(Records excerpted from a collection)

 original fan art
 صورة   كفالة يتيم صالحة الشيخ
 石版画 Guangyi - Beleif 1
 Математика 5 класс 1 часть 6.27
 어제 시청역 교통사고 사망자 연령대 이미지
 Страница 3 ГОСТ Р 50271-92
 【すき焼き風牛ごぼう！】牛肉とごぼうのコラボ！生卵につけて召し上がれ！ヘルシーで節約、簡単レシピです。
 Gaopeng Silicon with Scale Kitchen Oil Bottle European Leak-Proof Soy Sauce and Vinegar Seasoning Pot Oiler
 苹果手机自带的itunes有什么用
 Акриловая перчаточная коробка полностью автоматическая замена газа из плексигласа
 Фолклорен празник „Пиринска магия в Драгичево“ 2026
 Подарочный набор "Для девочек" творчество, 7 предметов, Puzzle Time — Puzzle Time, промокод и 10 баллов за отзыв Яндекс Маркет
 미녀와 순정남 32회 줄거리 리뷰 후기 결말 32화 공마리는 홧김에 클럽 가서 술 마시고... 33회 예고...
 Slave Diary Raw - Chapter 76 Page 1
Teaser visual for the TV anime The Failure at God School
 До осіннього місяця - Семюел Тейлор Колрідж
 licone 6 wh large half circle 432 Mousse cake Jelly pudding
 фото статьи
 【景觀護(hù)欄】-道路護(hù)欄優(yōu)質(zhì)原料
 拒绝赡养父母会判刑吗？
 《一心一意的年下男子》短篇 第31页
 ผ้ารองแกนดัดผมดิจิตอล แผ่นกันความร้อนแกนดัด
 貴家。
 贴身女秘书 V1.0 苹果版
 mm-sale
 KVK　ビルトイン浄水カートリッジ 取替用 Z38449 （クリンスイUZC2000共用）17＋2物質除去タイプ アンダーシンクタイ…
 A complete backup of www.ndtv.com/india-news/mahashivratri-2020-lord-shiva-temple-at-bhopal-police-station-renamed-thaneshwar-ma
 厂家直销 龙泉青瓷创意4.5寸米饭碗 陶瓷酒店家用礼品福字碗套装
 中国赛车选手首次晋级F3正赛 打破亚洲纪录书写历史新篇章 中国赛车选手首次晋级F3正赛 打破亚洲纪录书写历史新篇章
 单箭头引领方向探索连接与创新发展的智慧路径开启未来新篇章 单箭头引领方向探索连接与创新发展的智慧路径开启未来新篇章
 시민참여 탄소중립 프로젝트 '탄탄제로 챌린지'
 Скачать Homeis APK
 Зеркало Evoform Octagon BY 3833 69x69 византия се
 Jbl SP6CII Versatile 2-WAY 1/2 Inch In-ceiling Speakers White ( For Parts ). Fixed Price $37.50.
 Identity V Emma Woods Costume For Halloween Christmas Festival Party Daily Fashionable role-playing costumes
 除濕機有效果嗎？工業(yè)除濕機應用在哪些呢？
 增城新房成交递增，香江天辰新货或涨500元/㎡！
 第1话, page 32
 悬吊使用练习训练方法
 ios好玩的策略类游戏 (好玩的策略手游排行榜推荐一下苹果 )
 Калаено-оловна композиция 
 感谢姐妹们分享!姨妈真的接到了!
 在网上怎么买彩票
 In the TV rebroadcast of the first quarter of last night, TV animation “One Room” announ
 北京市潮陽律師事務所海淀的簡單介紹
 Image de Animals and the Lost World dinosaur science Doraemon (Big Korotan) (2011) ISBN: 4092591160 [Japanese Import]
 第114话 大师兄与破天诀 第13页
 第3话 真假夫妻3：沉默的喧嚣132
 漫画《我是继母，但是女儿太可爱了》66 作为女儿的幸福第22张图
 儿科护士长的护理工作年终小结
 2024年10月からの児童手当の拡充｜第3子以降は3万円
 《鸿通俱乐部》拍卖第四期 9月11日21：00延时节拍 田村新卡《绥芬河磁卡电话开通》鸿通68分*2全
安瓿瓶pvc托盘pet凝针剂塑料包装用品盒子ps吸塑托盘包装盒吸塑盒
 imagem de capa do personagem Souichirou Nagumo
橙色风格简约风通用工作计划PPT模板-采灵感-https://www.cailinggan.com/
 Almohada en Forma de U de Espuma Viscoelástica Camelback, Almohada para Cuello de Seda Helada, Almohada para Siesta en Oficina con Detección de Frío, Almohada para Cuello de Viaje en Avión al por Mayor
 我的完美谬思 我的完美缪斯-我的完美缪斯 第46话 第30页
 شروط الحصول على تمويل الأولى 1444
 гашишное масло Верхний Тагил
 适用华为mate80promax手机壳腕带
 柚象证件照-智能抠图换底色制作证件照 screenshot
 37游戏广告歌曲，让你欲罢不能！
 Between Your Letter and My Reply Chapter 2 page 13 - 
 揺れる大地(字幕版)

— Assigned task —
Take the line with "Зеркало Evoform Octagon" and all lines after it through the end of the records, and write them out exactly; include nothing else.

— Answer to this exercise —
 Зеркало Evoform Octagon BY 3833 69x69 византия се
 Jbl SP6CII Versatile 2-WAY 1/2 Inch In-ceiling Speakers White ( For Parts ). Fixed Price $37.50.
 Identity V Emma Woods Costume For Halloween Christmas Festival Party Daily Fashionable role-playing costumes
 除濕機有效果嗎？工業(yè)除濕機應用在哪些呢？
 增城新房成交递增，香江天辰新货或涨500元/㎡！
 第1话, page 32
 悬吊使用练习训练方法
 ios好玩的策略类游戏 (好玩的策略手游排行榜推荐一下苹果 )
 Калаено-оловна композиция 
 感谢姐妹们分享!姨妈真的接到了!
 在网上怎么买彩票
 In the TV rebroadcast of the first quarter of last night, TV animation “One Room” announ
 北京市潮陽律師事務所海淀的簡單介紹
 Image de Animals and the Lost World dinosaur science Doraemon (Big Korotan) (2011) ISBN: 4092591160 [Japanese Import]
 第114话 大师兄与破天诀 第13页
 第3话 真假夫妻3：沉默的喧嚣132
 漫画《我是继母，但是女儿太可爱了》66 作为女儿的幸福第22张图
 儿科护士长的护理工作年终小结
 2024年10月からの児童手当の拡充｜第3子以降は3万円
 《鸿通俱乐部》拍卖第四期 9月11日21：00延时节拍 田村新卡《绥芬河磁卡电话开通》鸿通68分*2全
安瓿瓶pvc托盘pet凝针剂塑料包装用品盒子ps吸塑托盘包装盒吸塑盒
 imagem de capa do personagem Souichirou Nagumo
橙色风格简约风通用工作计划PPT模板-采灵感-https://www.cailinggan.com/
 Almohada en Forma de U de Espuma Viscoelástica Camelback, Almohada para Cuello de Seda Helada, Almohada para Siesta en Oficina con Detección de Frío, Almohada para Cuello de Viaje en Avión al por Mayor
 我的完美谬思 我的完美缪斯-我的完美缪斯 第46话 第30页
 شروط الحصول على تمويل الأولى 1444
 гашишное масло Верхний Тагил
 适用华为mate80promax手机壳腕带
 柚象证件照-智能抠图换底色制作证件照 screenshot
 37游戏广告歌曲，让你欲罢不能！
 Between Your Letter and My Reply Chapter 2 page 13 - 
 揺れる大地(字幕版)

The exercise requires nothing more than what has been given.